Despite Verizon’s solid download average, the carrier’s network took 29 seconds to download Angry Birds. By comparison, AT&T took just three seconds longer. Sprint managed to download the file in 1 minute and 9 seconds, while T-Mobile came in dead last, taking 2:13.
The Field Museum
|Average Download||10.2 Mbps||5.3 Mbps||8.8 Mbps||7.7 Mbps|
|Average Upload||8.5 Mbps||6.4 Mbps||6.5 Mbps||13.8 Mbps|
Along with the Adler Planetarium and Shedd Aquarium, the Field Museum of Natural History makes up Chicago’s museum campus on the lakefront. Originally built to house the collections from the 1893 World’s Fair, the Field Museum of Natural History is home to the fossil of Sue the Tyrannosaurus Rex.
Sitting on the steps outside of the entrance to the iconic museum, we tested the phones as tourists streamed through the doors. In a twist from the other tourist haven of Millennium Park, AT&T and T-Mobile produced the highest download speeds on the Speedtest app test, averaging 10.2 Mbps and 8.8 Mbps.
Though Verizon managed a mere 7.7 Mbps on the download test — much slower than other locations — the carrier averaged 13.8 Mbps on the Speedtest upload test. The same was true of Sprint. The carrier posted an average upload speed of 6.4 Mbps, besting its average download speed of 5.3 Mbps.
Though none of the carriers downloaded Angry Birds lightning fast, AT&T was the quickest at 49 seconds. T-Mobile was only slightly slower with 53 seconds, and Verizon clicked in with 56 seconds. Sprint lagged way behind, taking 1:50 to complete the download.
University of Chicago
|Average Download||12.2 Mbps||3.6 Mbps||13.7 Mbps||2.5 Mbps|
|Average Upload||6 Mbps||3.9 Mbps||8.6 Mbps||1.2 Mbps|
The home of the atom bomb vexed the carriers with less than nuclear speeds. In front of the university’s bookstore, only AT&T and T-Mobile were able to achieve decent throughput, averaging 12.2 Mbps and 13.7 Mbps down, respectively. Verizon came in last with a dismal average download of 2.5 Mbps, while Sprint was only slightly better with an average of 3.6 Mbps.

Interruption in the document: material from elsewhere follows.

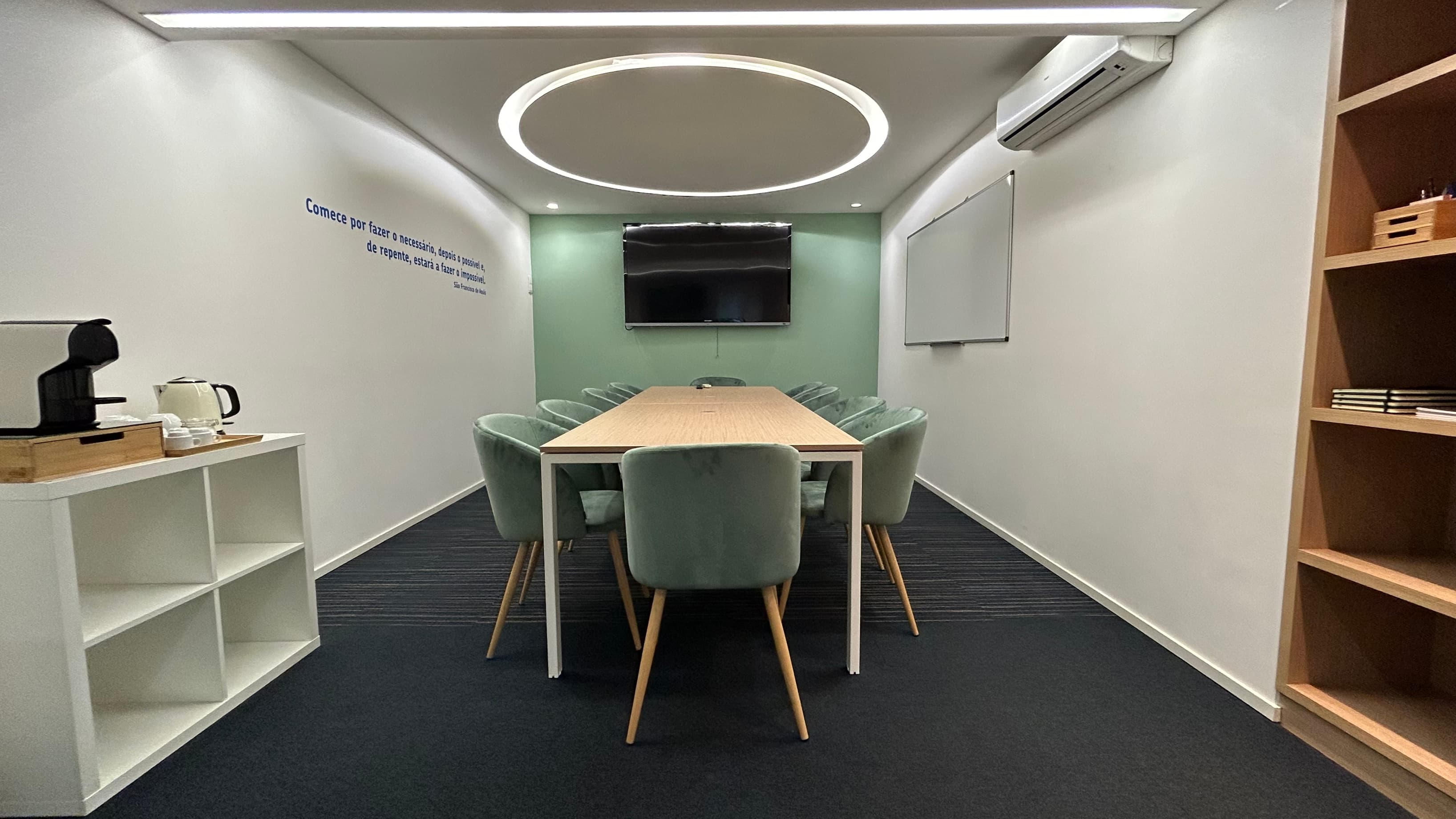 Meeting room Meeting room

On the upload portion of Speedtest, T-Mobile was the fastest with an average speed of 8.6 Mbps, while AT&T came in second with 6 Mbps. Verizon once again was dead last with an average of 1.2 Mbps.
Echoing the Speedtest results, AT&T completed the app download test in 26 seconds, while T-Mobile took a little longer, completing the task in 33 seconds. Verizon and Sprint both took well over a minute with times of 1:28 and 1:48, respectively.
|Average Download||12.4 Mbps||17.4 Mbps||10.8 Mbps||30.2 Mbps|
|Average Upload||7.7 Mbps||7.2 Mbps||8.2 Mbps||15.3 Mbps|
Having now tested throughput in three cities across the country, one fact remains: Verizon’s network is the fastest. In Chicago, the carrier averaged a download speed of 30.2 Mbps. Coming in second was Sprint, which averaged 17.4 Mbps. AT&T came in third with an average of 12.4 Mbps, while T-Mobile brought up the rear with 10.8 Mbps.
The highest average upload speeds also went to Verizon, which led the pack at 15.3 Mbps. T-Mobile came in second with an average of 8.2 Mbps, while Sprint was the slowest at 7.2 Mbps.
Lastly, the download of Angry Birds was also the quickest on Verizon with an average of 36 seconds. Sprint had a solid showing with an average of 56 seconds for second place, while AT&T took an average of 1:21 seconds to complete the task.
Both Verizon and Sprint have implemented their next generation LTE networks (XLTE and Spark, respectively) in Chicago. Clearly, these network improvements make a huge difference, especially for Sprint, which came in dead last in our New York and San Francisco 4G tests.
Remember, all of these tests represent just a moment in time, and speeds may vary based on numerous factors. But right now, Verizon is the fastest in Chicago overall.